Aus dieser Erwägung entfällt im Falle der Erstattung eines Gesellschafterdarlehens durch die Gesellschaft an den Gesellschafter die damit verbundene objektive Gläubigerbenachteiligung, wenn der Gesellschafter die empfangenen Zahlungen noch vor Verfahrenseröffnung an die Gesellschaft zurückzahlt. Zwar erfolgt in dieser Gestaltung die Rückzahlung noch vor Eröffnung des Verfahrens, während ein etwaiger Rückgewähranspruch erst mit der Verfahrenseröffnung entsteht. Deswegen konnte der Gesellschafter keinen gegen ihn gerichteten Rückgewähranspruch aus § 135 Abs. 1 Nr. 2, § 143 Abs. 1 InsO erfüllen. Bei der gebotenen wirtschaftlichen Betrachtung ist jedoch die mit der Wiederherstellung der ursprünglichen Vermögenslage einhergehende Verhinderung der Entstehung eines Anspruchs anfechtungsrechtlich dessen Erfüllung gleichzustellen9. Allerdings scheidet eine Beseitigung der in der Darlehensrückzahlung liegenden Gläubigerbenachteiligung aus, wenn der Gesellschafter mit seiner Zahlung einen (anderen) gegen ihn gerichteten Anspruch der Gesellschaft erfüllt10.

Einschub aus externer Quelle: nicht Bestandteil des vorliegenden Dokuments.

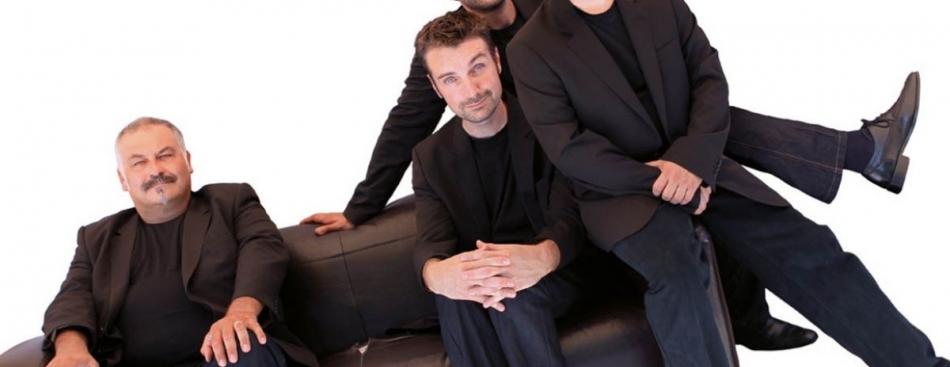 Festival "Aux Rires Etc" - Samedi 20 mai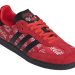 Coca-Cola y adidas lanzan una colección exclusiva de zapatillas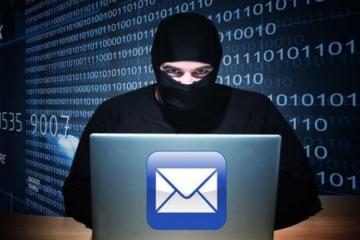 Νέα απάτη με emails - Τι πρέπει να προσέξετε 
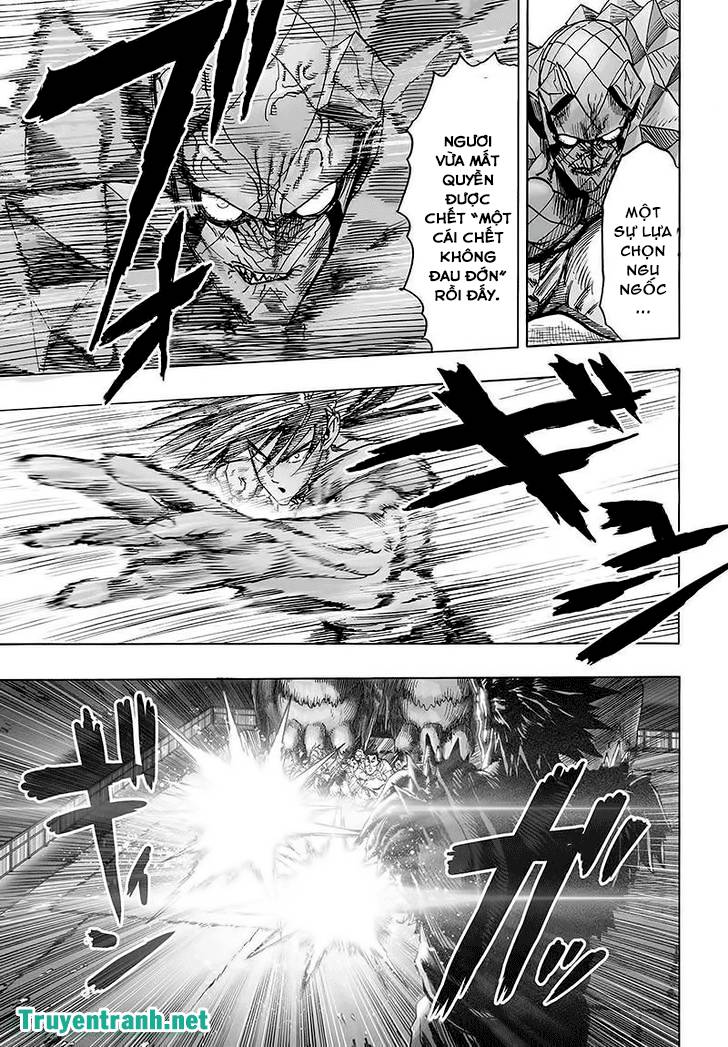 Onepunch Man Tập 111 trang 22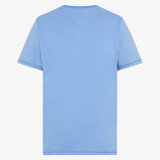 Signal - Signal - Felix mini stripe tee | T-shirt Blue Legacy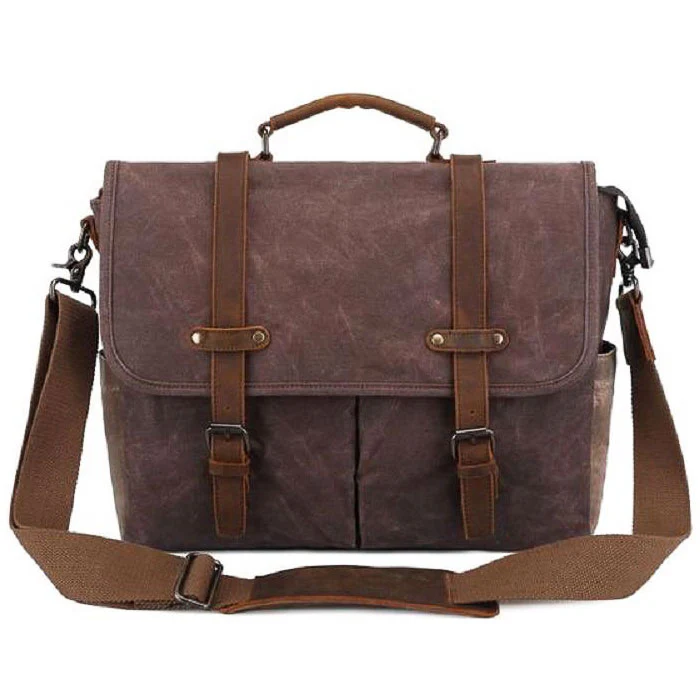 Sac bandoulière vintage homme | MAREE - Outdoor Sports Shop – Bons Plans Randonnée & Trekking Sacs Homme | Lancaster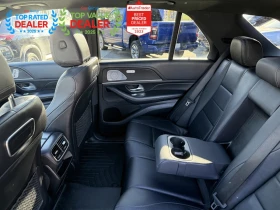 Mercedes-Benz GLE 450 450 4MATIC Premium Package | Burmester | HUD | Пан, снимка 13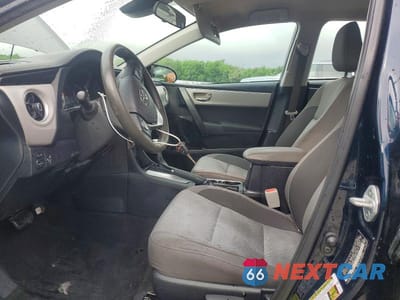 Zdjęcie 7 z 12 samochodu: 2017 TOYOTA COROLLA LE VIN:2T1BURHEXHC835025 - miniatura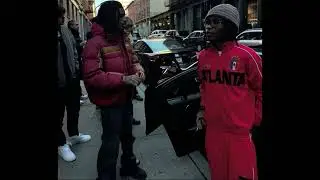 [ free for profit ] nine vicious + 406ahmad + b4tm type beat - 
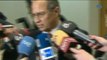 El fiscal jefe de Cataluña presenta su renuncia y Torres-Dulce se la acepta
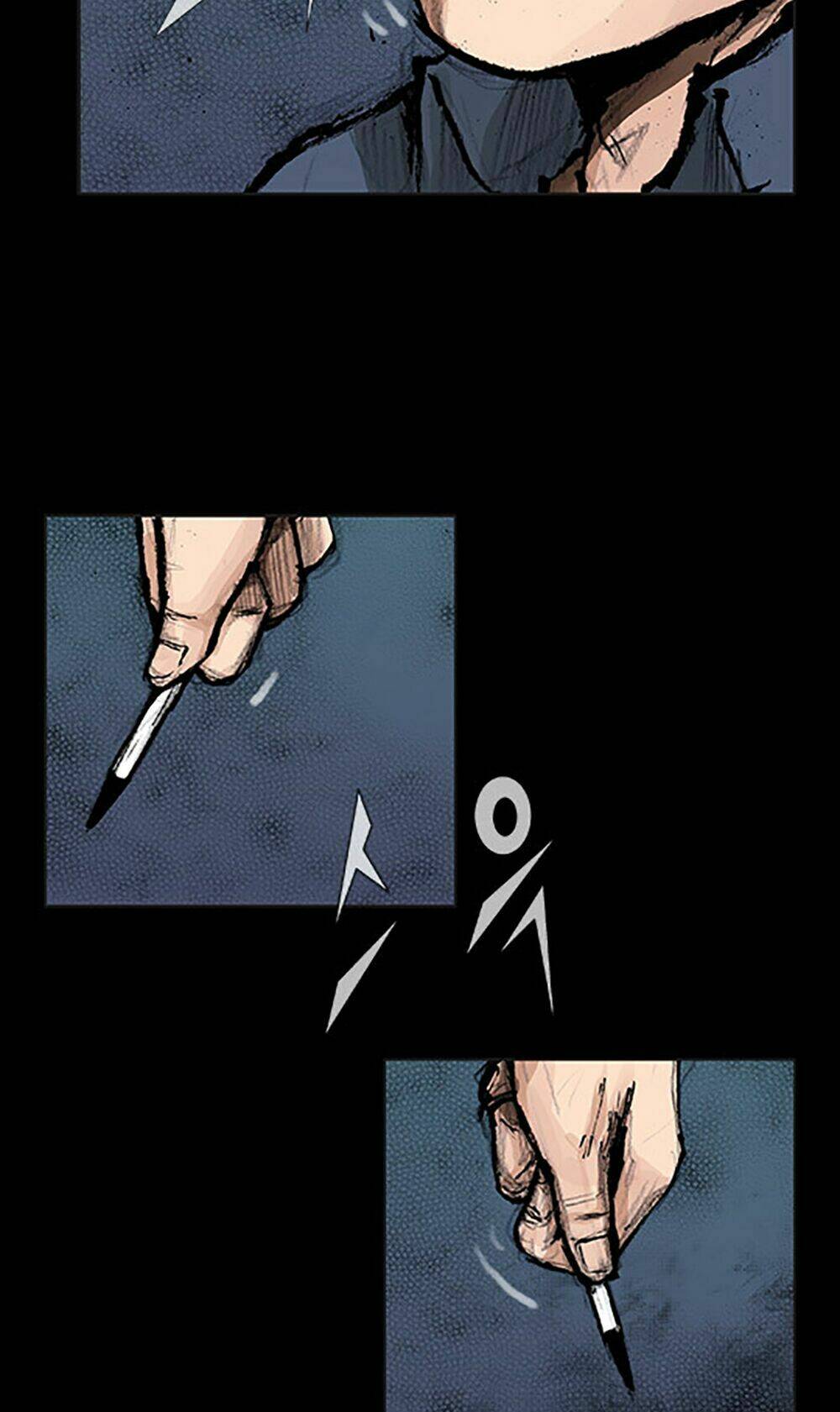 Độc Cô Tiền Truyện: Chapter 38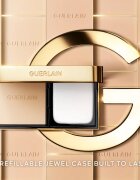 GUERLAIN Parure Gold Skin Control kompaktni matirajoči puder nadomestno polnilo odtenek 1W Warm 87 g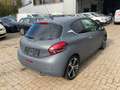 Peugeot 208 Allure GT-Line TÜV 04.2026 Grau - thumbnail 4
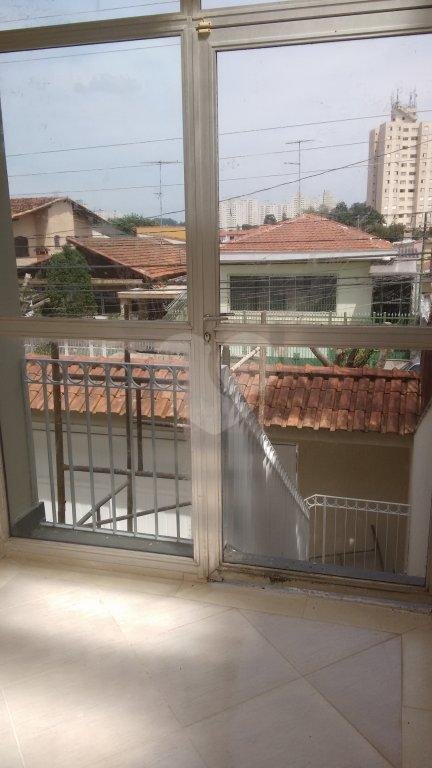 Venda Sobrado São Paulo Jardim Virginia Bianca REO176079 13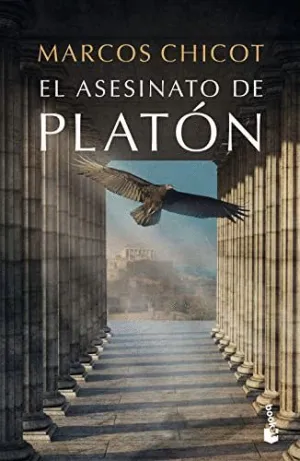 EL ASESINATO DE PLATÓN EL ASESINATO DE PLATÓN
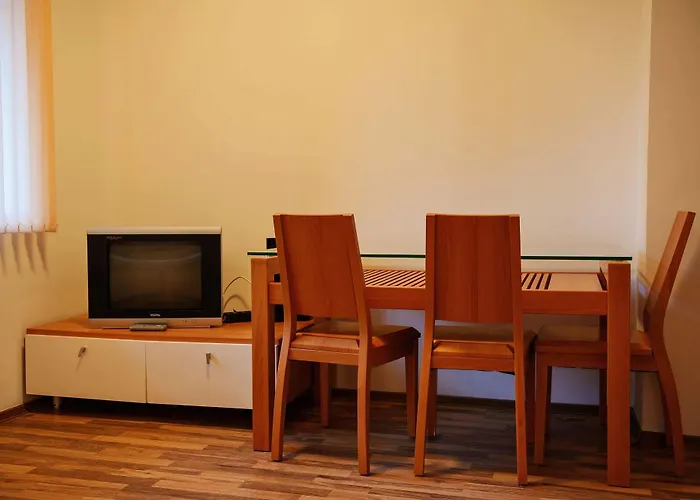 Appartement Pirin Heights *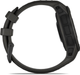 Zegarek sportowy Garmin Instinct 2S Graphite (010-02563-00) - obraz 4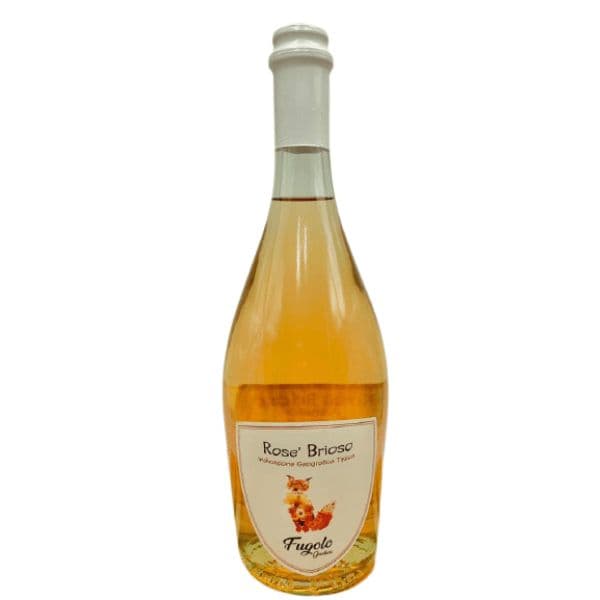 Veneto IGT Rosè Brioso 2019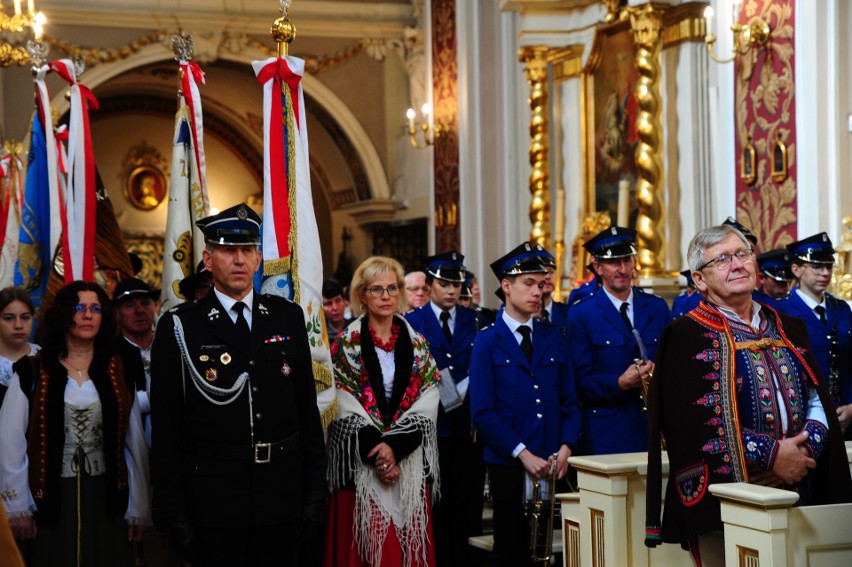 80. rocznica bohaterskiej śmierci Józefy Machay-Mikowej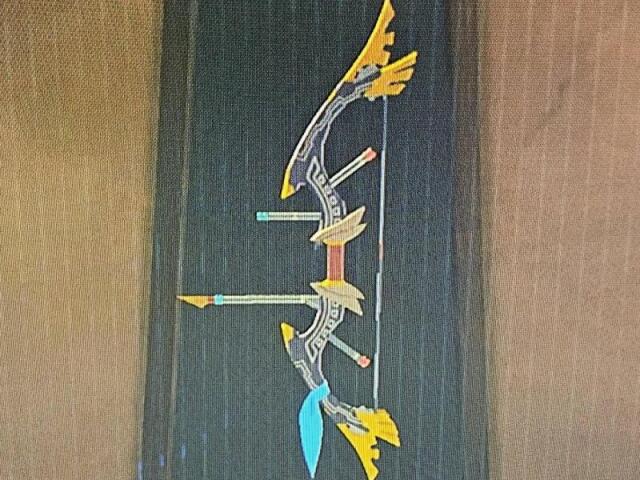 Great Eagle Bow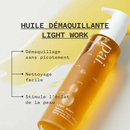 PAI Skincare - Light Work Rosehip fruit extract cleansing oil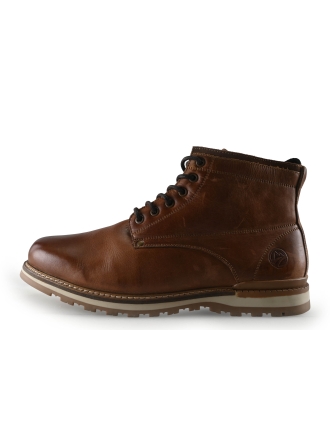 Travelin Veterboots Cognac 334904
 Maat 48
 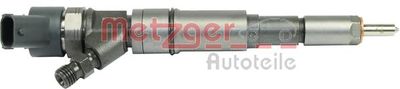 Injector Nozzle METZGER AUTOTEILE 0870076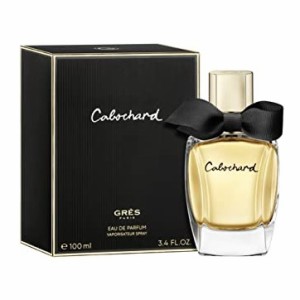 グレ GRES カボシャール オードパルファム EDP SP 100ml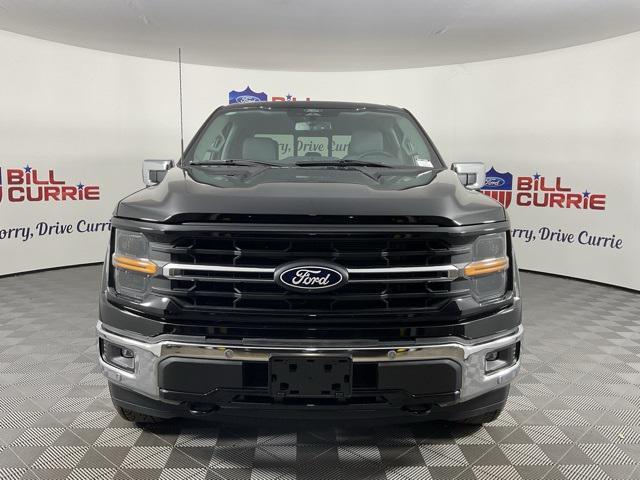 new 2024 Ford F-150 car, priced at $51,361
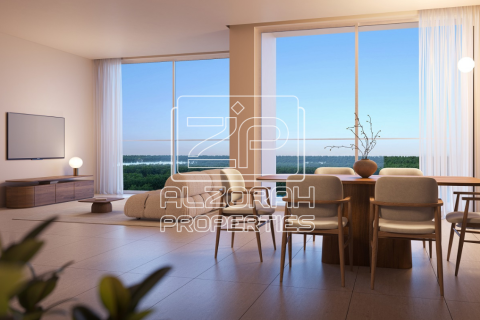 3 غرف نوم شقة في Creekside Residence عجمان, الإمارات العربية المتحدة رقم 210213 4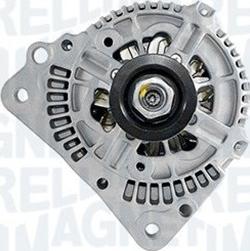 Magneti Marelli 944390390100 - Alternatore www.autoricambit.com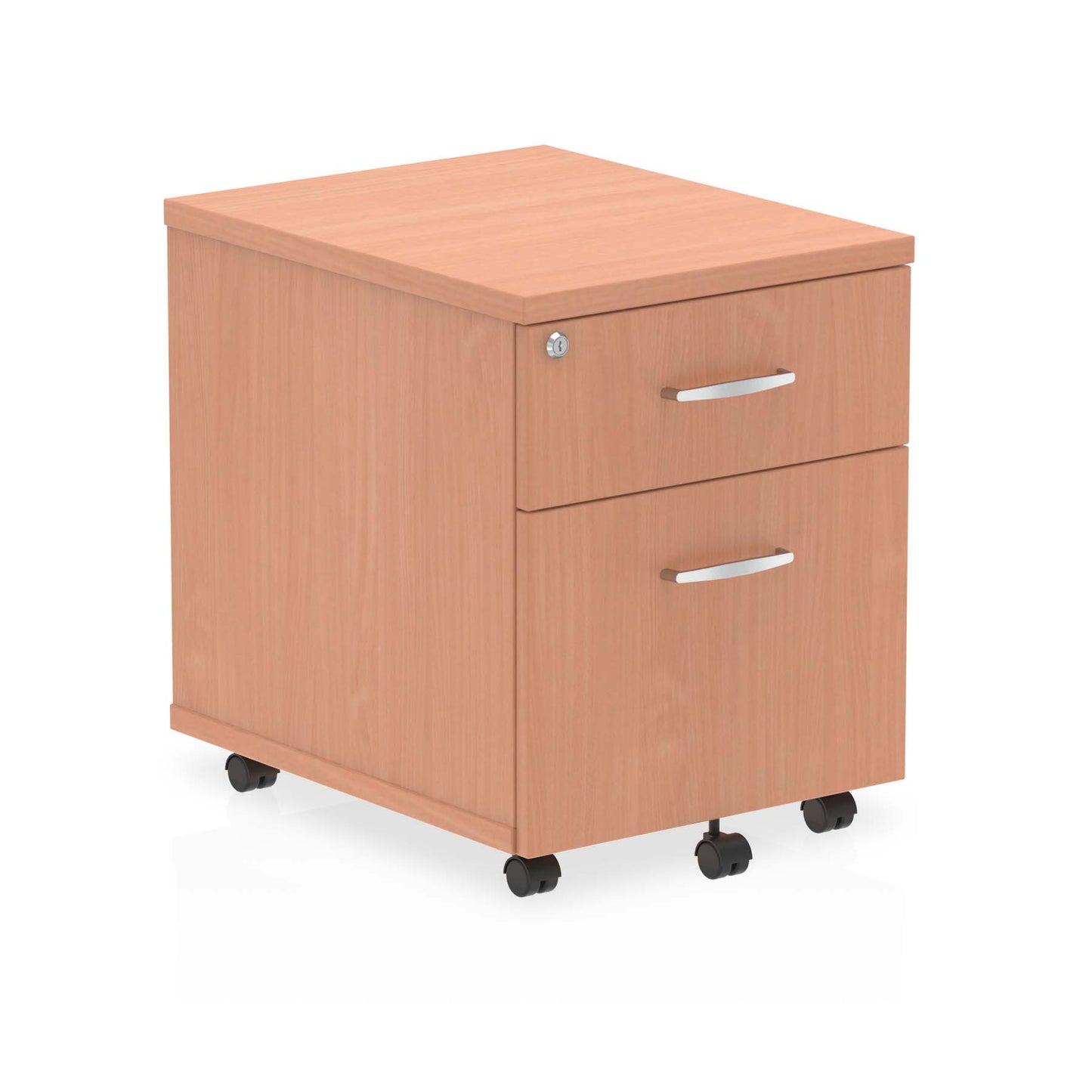 Impulse Mobile Pedestal 2 or 3 Drawers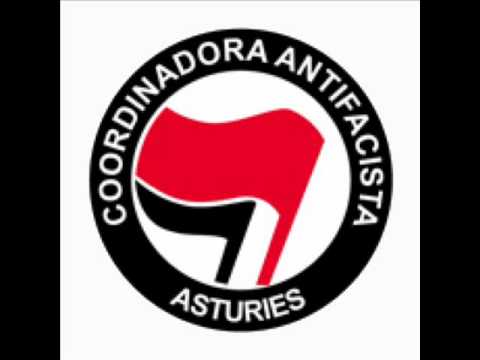 Camarada Kalashnikov- Independencia y socialisma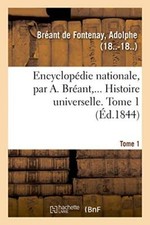Encyclopedie nationale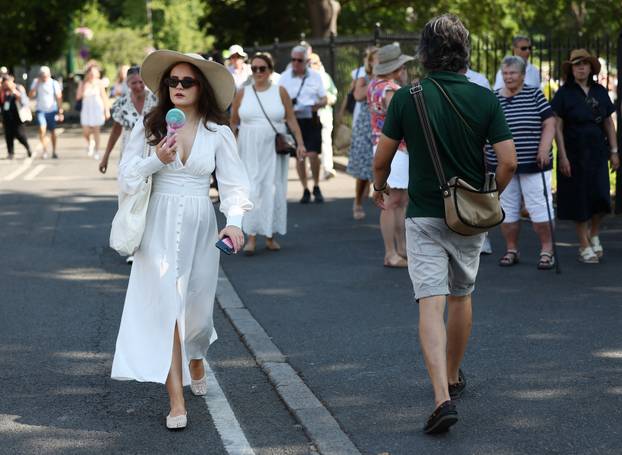 Wimbledon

Nach diesen Maßstäben wurde die durch die Darlehensrückzahlung vom 07.03.2013 eingetretene Gläubigerbenachteiligung nicht behoben, indem der Geschäftsführer unmittelbar danach eine Kommanditeinlage in Höhe von 100.000 € gegenüber der Muttergesellschaft beglich, die ihrerseits alsbald eine Verlustausgleichsleistung über 100.000 € an die Schuldnerin entrichtete.

Durch die Zahlung des Geschäftsführers an die Muttergesellschaft zwecks Erfüllung seiner Kommanditeinlageverpflichtung wurde die bei der Schuldnerin eingetretene Gläubigerbenachteiligung nicht behoben. Adressat und Zweck der Zahlung stehen einer Beseitigung der Gläubigerbenachteiligung bei der Schuldnerin entgegen.

Der Geschäftsführer hat den an ihn zurückgeführten Darlehensbetrag über 100.000 € nicht erneut der Schuldnerin zur Verfügung gestellt. Vielmehr hat er eine Zahlung von 100.000 € zum Zweck der Tilgung seiner Kommanditeinlageschuld deren Muttergesellschaft zugewendet. Mittels Zahlung an einen Dritten, und sei es die Muttergesellschaft, konnte die im Vermögen der Schuldnerin bestehende Gläubigerbenachteiligung nicht beseitigt werden. Hierzu hätte es einer Zahlung an die Schuldnerin bedurft.

Es bedarf keiner rechtlichen Prüfung, ob der Geschäftsführer seine Kommanditeinlageschuld gegenüber der Muttergesellschaft unter Einsatz von Mitteln aus einem ihm von der Schuldnerin als deren Tochtergesellschaft erstatteten Gesellschafterdarlehen wirksam getilgt hat. Eine möglicherweise rechtsgrundlose Zahlung an die Muttergesellschaft könnte nicht die bei der Schuldnerin eingetretene Gläubigerbenachteiligung ausgleichen.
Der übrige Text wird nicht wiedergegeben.